McCulloch v. Maryland (1819) held that a state did not have the sovereign power to tax a federal instrumentality. Concomitantly, in Collector v. Day (1871), the court found that a federal tax on the income of a state judge violated the Constitution because the federal and state governments are "separate and distinct sovereignties, acting separately and independently of each other, within their respective spheres." The argument was that the tax on the wages of the state judge was really a tax on the state. After a number of decades dealing with the implications of the intergovernmental tax immunity doctrine, the Supreme Court reversed course in Helvering v. Gerhardt (1938), holding that the federal government could tax the income of state employees. Earlier Pollock v. Farmers' Loan & Trust Co. (1895) had held that the tax on the interest of a state or municipal bond is a tax on the state or municipality. For some time after Gerhardt, the federal government continued to exempt interest from state issued bonds from federal taxation. Finally, in South Carolina v. Baker (1988), the Court formally overruled Pollock and held that such interest has no immunity from federal taxation, effectively ending, for constitutional purposes, state immunity from federal taxation. The federal government, by statute however, exempts from federal income tax the interest of state and municipal bonds in some circumstances.
the question still remained, when the federal government does not use a tax as a means to effectuate a delegated power, but only as a tax designed to obtain revenue, what constitutional limits apply? In the 1860s a French chemist invented a cheap butter substitute called "oleomargarine." American dairy farmers lobbied for a ten-cent per pound tax to drive oleo out of the market. In 1886, Congress enacted a milder two-cent tax, and required manufacturers and sellers to purchase federal licenses and clearly to package and label their product as "oleomargarine." President Grover Cleveland reluctantly signed the bill.
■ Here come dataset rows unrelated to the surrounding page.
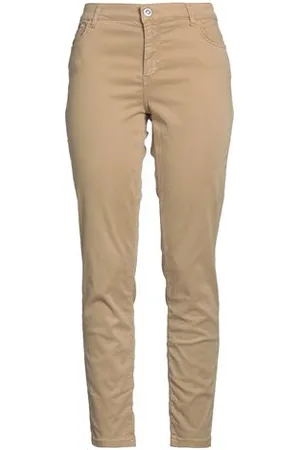 Caractere PARTES DE ABAJO - Pantalones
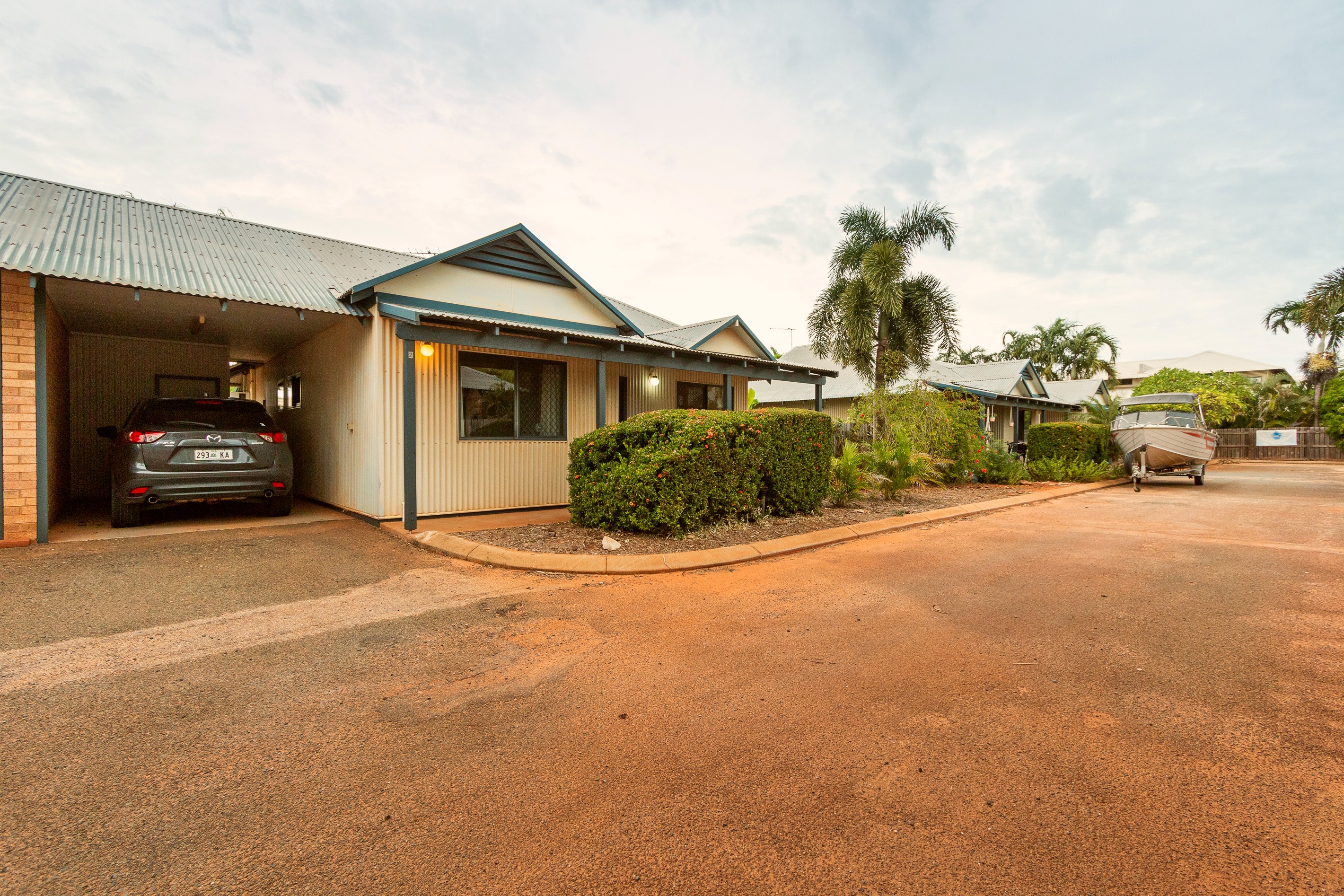 2/5 Whimbrel Street, Djugun, WA 6725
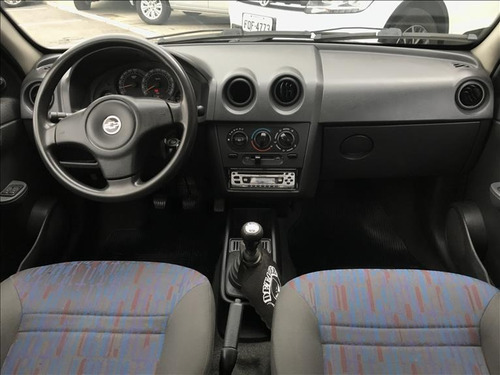 Chevrolet Celta Celta Life 1.0
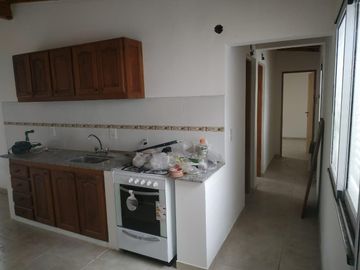 Departamento en alquiler en La Plata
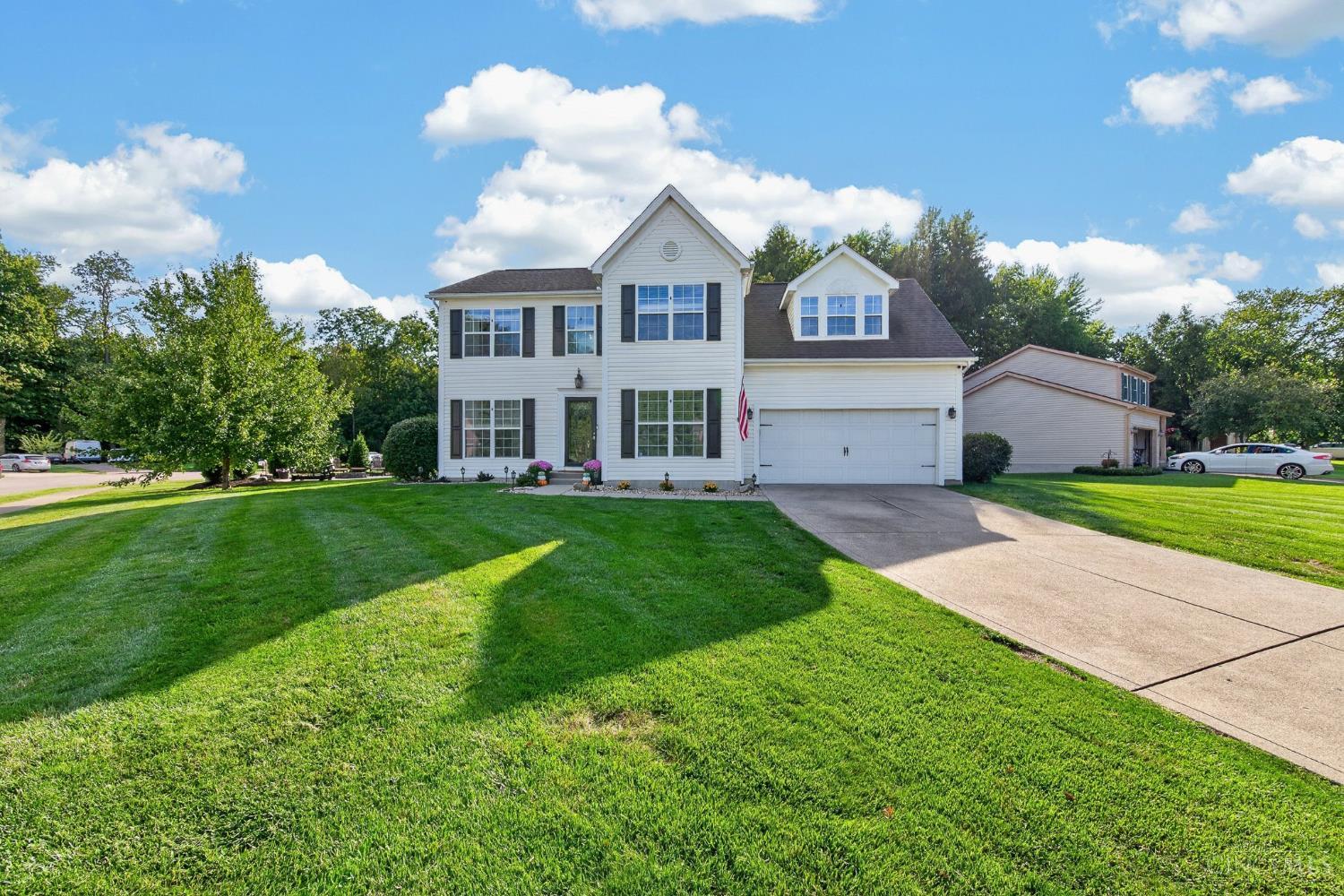 4494 Dogwood Drive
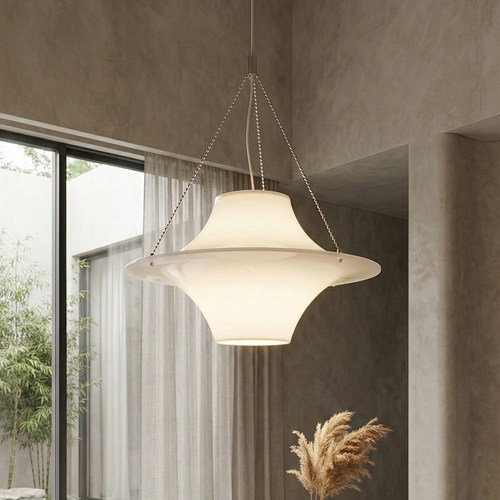 芬兰LokkiSkyflyer海鸥吊灯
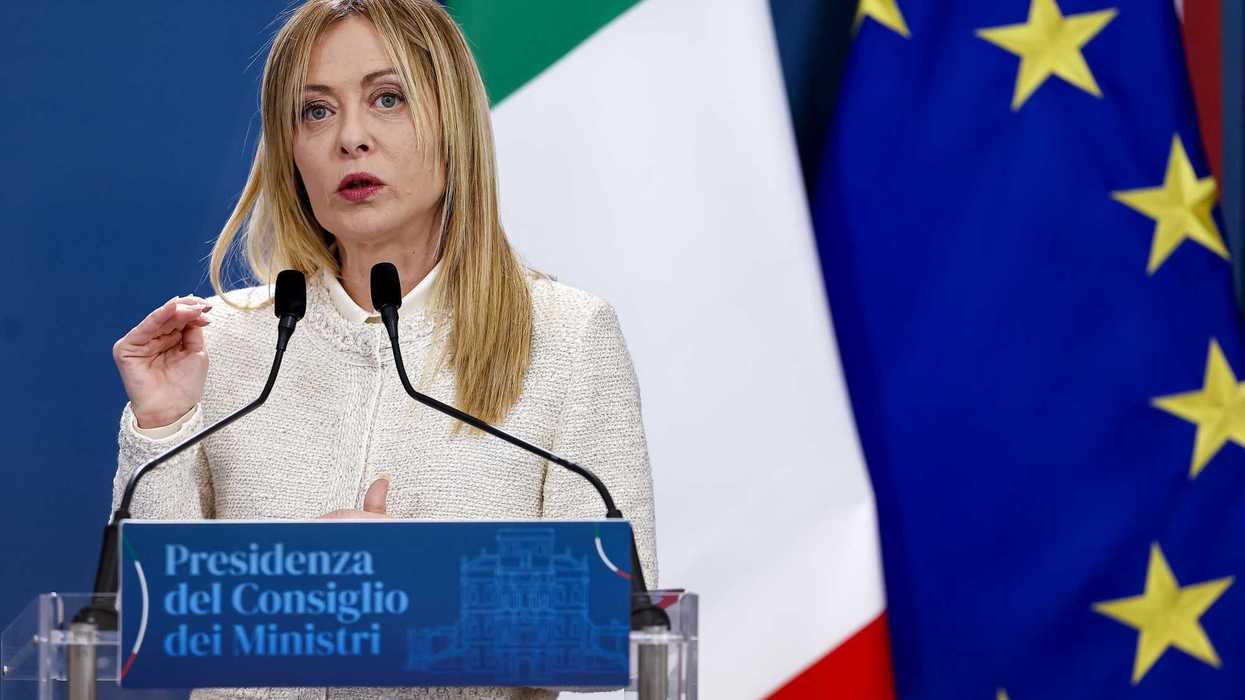 La Meloni rilancia il nucleare. «In estate la legge delega. E ho un piano anti burocrati»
He noted that if he had been truly convinced that the revenue aspect was simply a pretext "to destroy...one industry of our people for the protection and benefit of another," he would have vetoed it. The Supreme Court unanimously upheld the oleomargarine tax as akin to excises on tobacco or alcohol. In re Kollock (1897). Chief Justice Melville Fuller declared, "The act before us is on its face an act for levying taxes, and although it may operate in so doing to prevent deception in the sale of oleomargarine as and for butter, its primary object must be assumed to be the raising of revenue."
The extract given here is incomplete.